Prior to drilling Pantheon estimated the Talitha well would target approximately 1 billion barrels of recoverable oil across the multiple stacked (primary and secondary) objectives. An independent expert’s report was completed on the updip section of the Shelf Margin Deltaic, the primary target, and confirmed a prospective resource of 302 million barrels of recoverable oil, the company said.

About 500 feet thicker

88 Energy said the Nanushuk formation was “encountered at ~600’ low to prognosis and is interpreted to be ~500’ thicker than that encountered in the wells drilled into the Willow oil field” analogue wells to the north of the company’s Peregrine project acreage.

“Encouragingly, the gamma log indicates the presence of more sand packages than those in the analogue wells and … the sand packages in Merlin 1 are generally cleaner in nature. … Oil shows were recorded over multiple intervals in the Nanushuk while drilling, including the primary targets,” 88 Energy reported.

Fluorescence “ranged from relatively weak to moderate ‘dry’ … with slow to moderate sometimes fast streaming cut when exposed to solvent. Mud gas peaks were also recorded and, although generally not of the same scale of the increase in total gas above background as that seen in the analogue wells, one of the prospective horizons in Merlin 1 did have substantially elevated total gas, similar to that in the analogue wells,” the company said.

Heavier gas components, “including C5, were observed over multiple intervals,” 88 Energy said. “Resistivity was elevated over these intervals and is encouraging, particularly in the context that the Nanushuk is considered a low resistivity play type.”

Fluorescence, the company said, was also “observed in the drilling mud (‘pops’) accompanied by a petroliferous odor over three of the target intervals. Significantly, one of these intervals is interpreted to be part of a potentially separate, sand package that is also present in the Harrier prospect,” which is also part of the Peregrine project.

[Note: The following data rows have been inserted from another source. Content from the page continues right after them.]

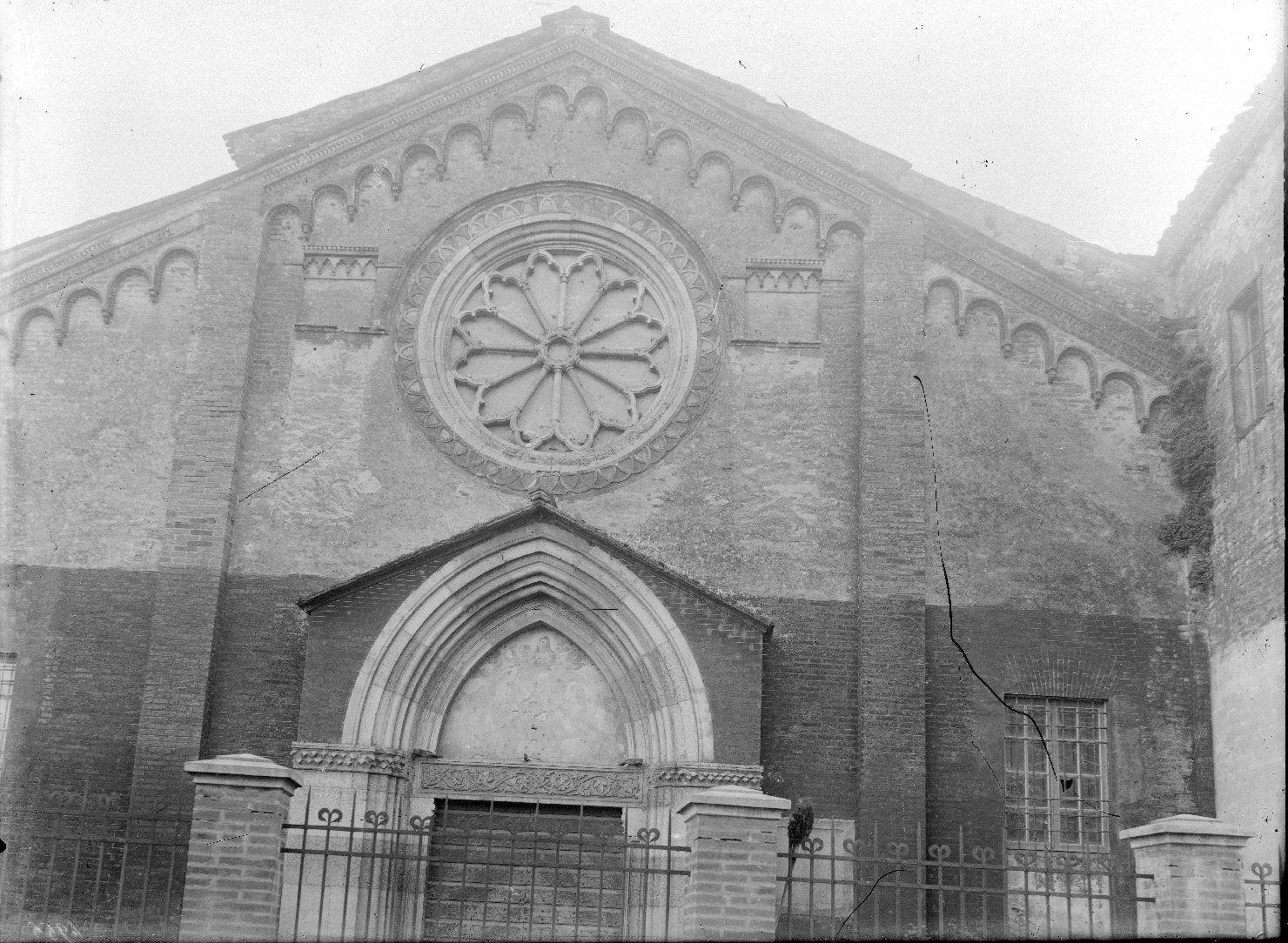 Mantova - Architetture - Restauri (negativo) di Anonimo (XX)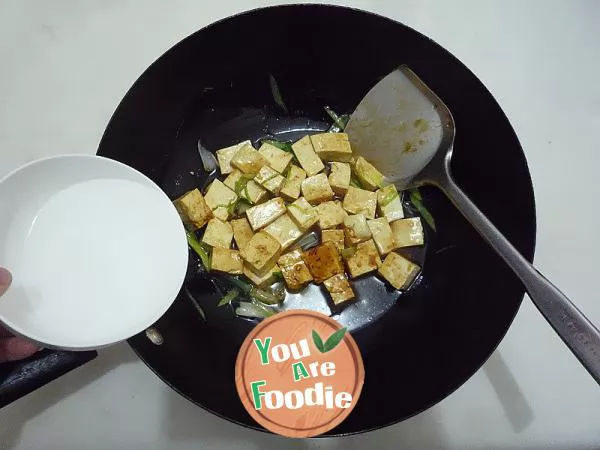 Braised Tofu with green garlic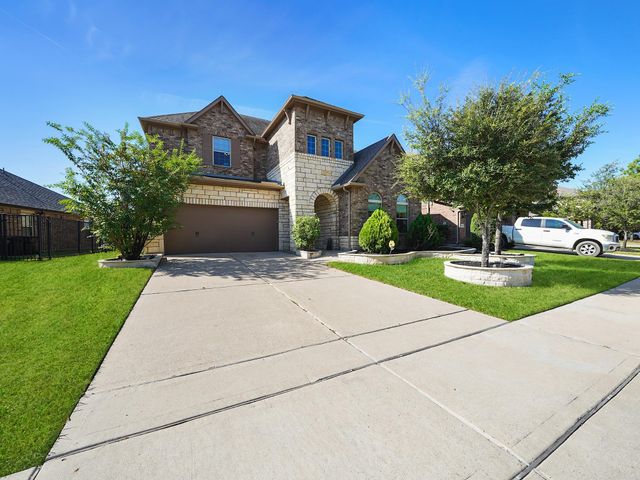 20015 Alyssa Meadows Ln — Mirabella Sec 10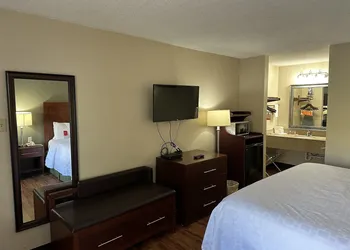 Econo Lodge Huntington - Barboursville University Area hotel thumbnail 4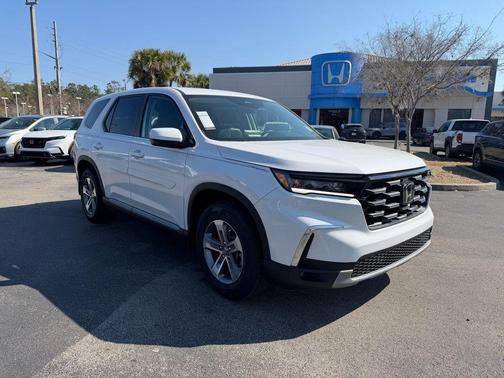 2023 Honda Pilot EX-L 8-Passenger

Merlin 1 is targeting 645 million barrels of gross mean prospective resource. A second well, Harrier-1, expected to be drilled in winter 2022, is targeting gross mean prospective resource of 417 million barrels.

Umiat acquisition update

In its March 31 update, 88 Energy announced that its acquisition conditions have all been satisfied for the Umiat oil field.

“The final condition related to the acquisition of the … oil field is now complete with cement work associated with plugging and abandoning of two historical wells at the field now executed,” the company said, noting “remedial site work will be finalized in the near-term.”

Umiat is an historic oil discovery made in 1945 in shallow Brookian (Nanushuk) sandstones, located immediately adjacent to the southern boundary of the Peregrine project.

The field is covered by two leases totaling 17,633 acres that are in a unit formed in September 2019 with an initial 10 year term.

“The current conditions of the unit stipulate a well commitment (exploration or appraisal) by Aug. 31, 2022,” 88 Energy said.

Eleven appraisal wells were drilled in the Umiat field by 1953, several of which were tested, the company reported: “Umiat 5 flowed 268 barrels per day on a 3-month test and Umiat 8 had a peak flow rate of 5.9 million cubic feet per day of natural gas during a 4-day test.”

Little work was done until 2013-14 when Linc Energy drilled two wells, Umiat 18 and Umiat 23H. Umiat 23H was tested with a maximum flow rate of 800 barrels per day and sustained flow of 200 barrels per day, 88 Energy said.